%%

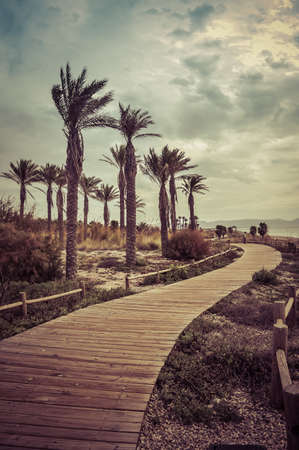wooden path by the seaside and palm trees to take sunbathing and walkの写真素材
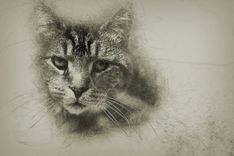 Custom Portrait Pencil Sketch From Photo (Digital Delivery) 3 small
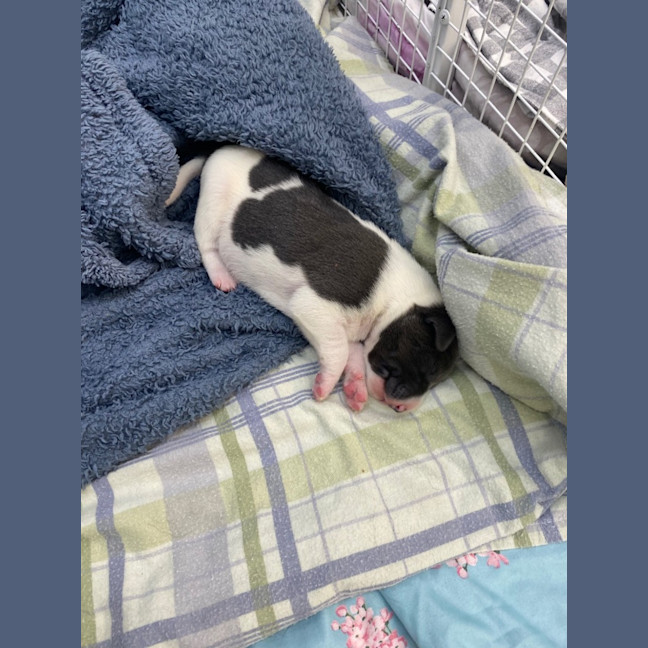 Photo of Penelope And Her Four Pups!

%%

Task instructions: Every line above should be duplicated exactly; the pictures are to be left out.

Completed task:
wooden path by the seaside and palm trees to take sunbathing and walkの写真素材
 Custom Portrait Pencil Sketch From Photo (Digital Delivery) 3 small
 Photo of Penelope And Her Four Pups!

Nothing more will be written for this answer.